Q1 2025 earnings summary
8 Jul, 2026Executive summary
Revenue for Q1 2025 reached $2,229 million, up 4% year-over-year on a constant currency basis, driven by higher metal packaging shipments and favorable volume/mix, partially offset by lower glass packaging revenues.
Adjusted EBITDA rose 16% year-over-year to $290 million, with metal packaging up 17% and glass packaging up 13%, reflecting improved cost recovery and lower operating costs.
Net loss for the period was $163 million, impacted by $69 million in exceptional items, mainly restructuring costs related to facility closures.
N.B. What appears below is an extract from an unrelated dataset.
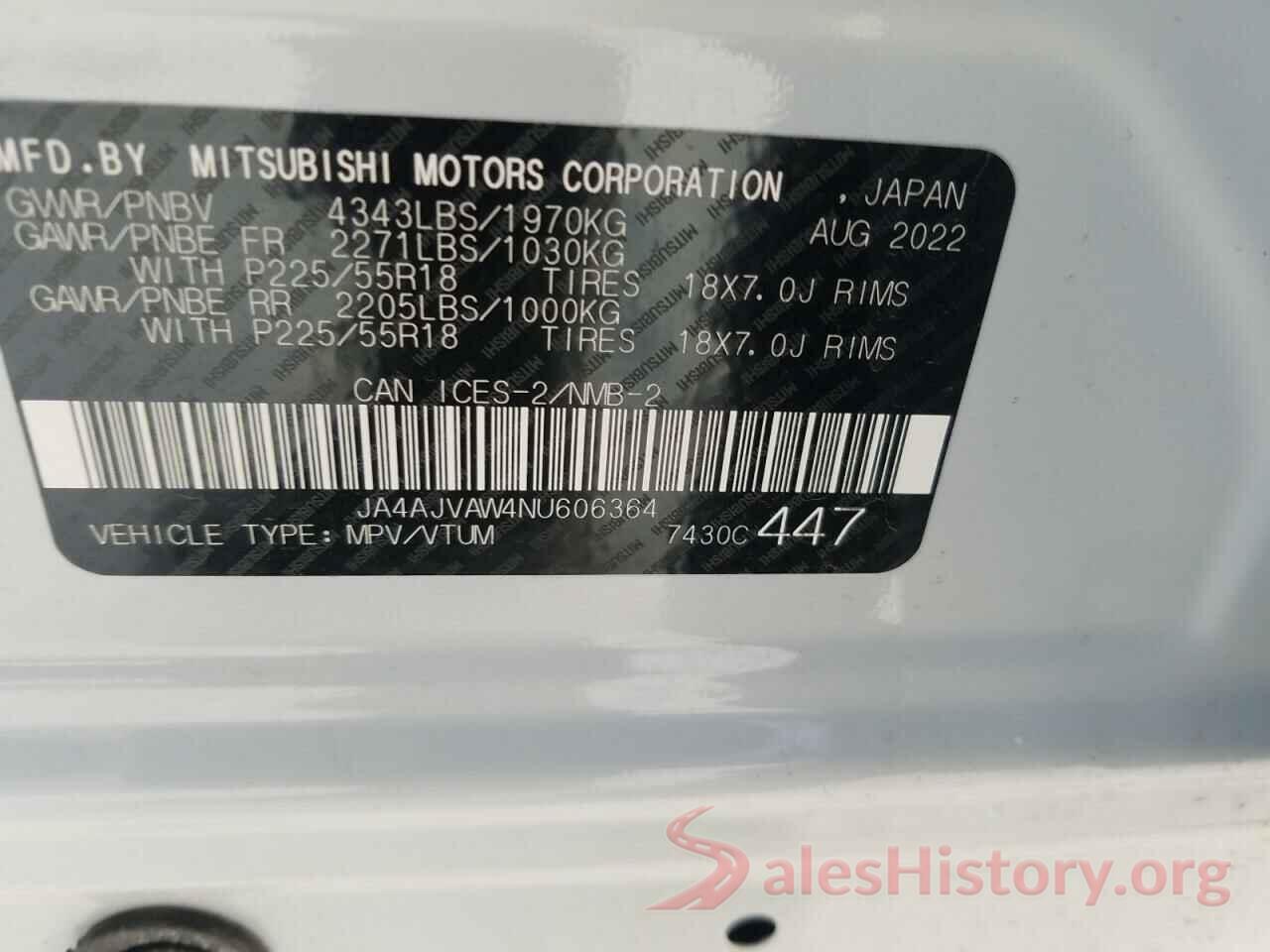 JA4AJVAW4NU606364 2022 MITSUBISHI OUTLANDER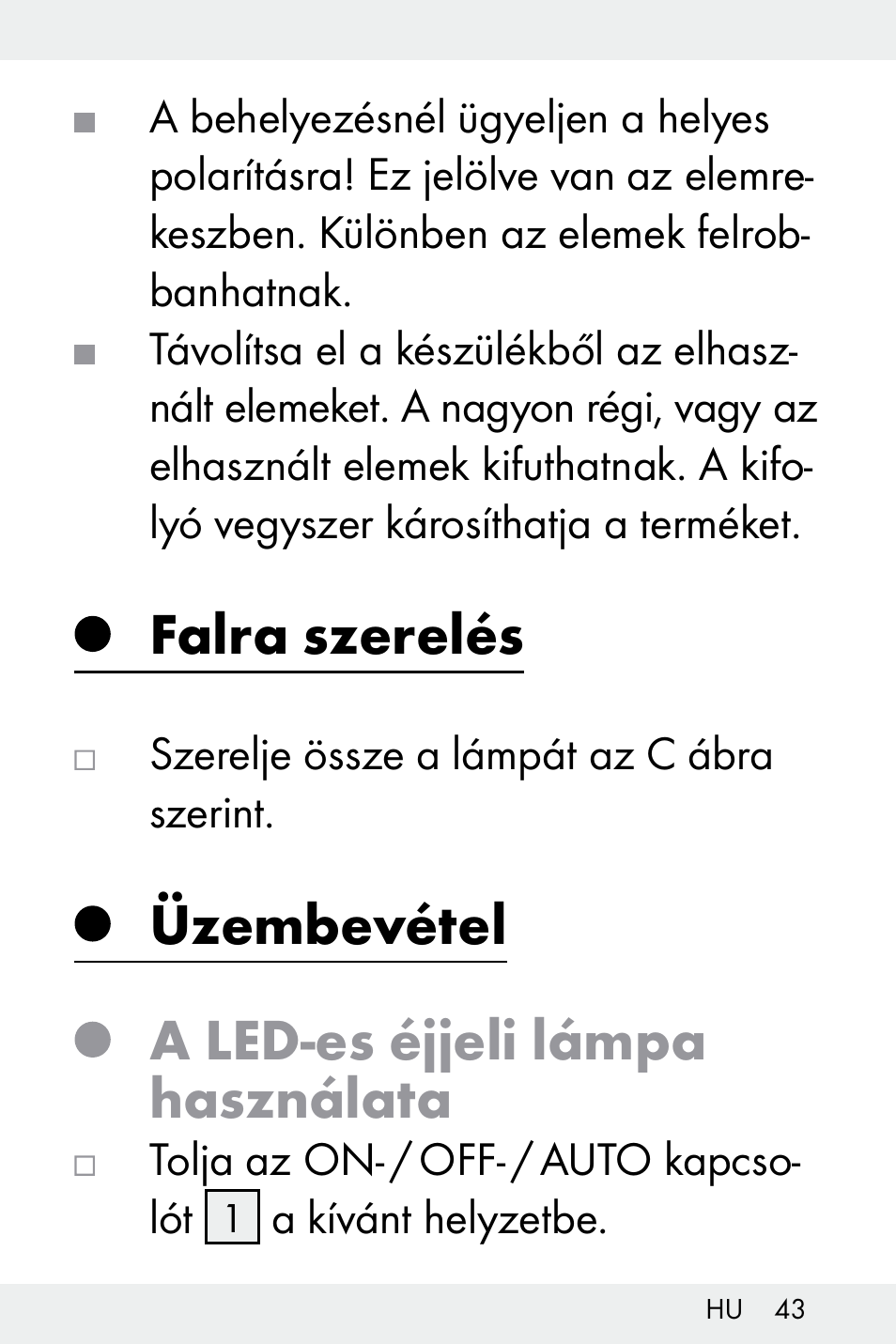 Falra szerelés, Üzembevétel, A led-es éjjeli lámpa használata | Livarno Z32148C User Manual | Page 43 / 107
Metal packaging saw strong global beverage can shipment growth, while glass packaging faced lower shipments but improved profitability.
Financial highlights
Metal packaging adjusted EBITDA was $155 million, up 17% year-over-year and ahead of guidance.
Glass packaging adjusted EBITDA reached $135 million, a 13% increase year-over-year.
Europe and Africa glass segment adjusted EBITDA rose 32% to $90 million, benefiting from lower input costs.
North America glass packaging adjusted EBITDA was $45 million, down 12% year-over-year.
Consolidated cash and available liquidity exceeded $1.1 billion at March 31, 2025.
Outlook and guidance
Full-year 2025 adjusted EBITDA guidance for AMP raised to $695–$720 million from $675–$695 million.
Glass packaging maintains guidance for mid-single-digit adjusted EBITDA growth over 2024's $602 million.
Full-year outlook remains in line with budget, with expectations for gradual recovery in glass packaging shipments in Europe and constrained capital expenditure.
Working capital expected to be a modest use of $20–$30 million; CapEx around $300 million; restructuring costs $60–$65 million; cash tax ~$45 million; cash interest ~$375 million; lease repayments $125–$130 million.